▸ WHAT TO DO
Could you print only the lines from the one containing "For Huawei P20" through the end of the listing below, unchanged?

▸ SUPPLIED INFORMATION
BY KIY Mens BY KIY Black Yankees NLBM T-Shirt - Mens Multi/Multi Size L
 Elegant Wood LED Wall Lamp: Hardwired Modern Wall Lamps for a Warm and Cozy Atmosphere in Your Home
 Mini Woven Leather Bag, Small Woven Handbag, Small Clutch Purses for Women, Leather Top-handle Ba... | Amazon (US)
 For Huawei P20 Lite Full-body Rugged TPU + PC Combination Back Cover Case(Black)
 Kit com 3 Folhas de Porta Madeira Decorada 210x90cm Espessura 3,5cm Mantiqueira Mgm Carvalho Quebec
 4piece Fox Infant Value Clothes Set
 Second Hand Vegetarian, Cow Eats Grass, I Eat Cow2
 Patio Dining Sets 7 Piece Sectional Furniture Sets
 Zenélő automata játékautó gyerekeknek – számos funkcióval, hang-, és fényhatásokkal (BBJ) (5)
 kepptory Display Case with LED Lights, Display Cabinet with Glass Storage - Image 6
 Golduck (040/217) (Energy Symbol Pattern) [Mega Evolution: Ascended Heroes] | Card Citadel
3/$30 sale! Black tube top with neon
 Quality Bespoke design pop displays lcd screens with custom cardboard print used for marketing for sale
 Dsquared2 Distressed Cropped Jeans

▸ THE ANSWER
 For Huawei P20 Lite Full-body Rugged TPU + PC Combination Back Cover Case(Black)
 Kit com 3 Folhas de Porta Madeira Decorada 210x90cm Espessura 3,5cm Mantiqueira Mgm Carvalho Quebec
 4piece Fox Infant Value Clothes Set
 Second Hand Vegetarian, Cow Eats Grass, I Eat Cow2
 Patio Dining Sets 7 Piece Sectional Furniture Sets
 Zenélő automata játékautó gyerekeknek – számos funkcióval, hang-, és fényhatásokkal (BBJ) (5)
 kepptory Display Case with LED Lights, Display Cabinet with Glass Storage - Image 6
 Golduck (040/217) (Energy Symbol Pattern) [Mega Evolution: Ascended Heroes] | Card Citadel
3/$30 sale! Black tube top with neon
 Quality Bespoke design pop displays lcd screens with custom cardboard print used for marketing for sale
 Dsquared2 Distressed Cropped Jeans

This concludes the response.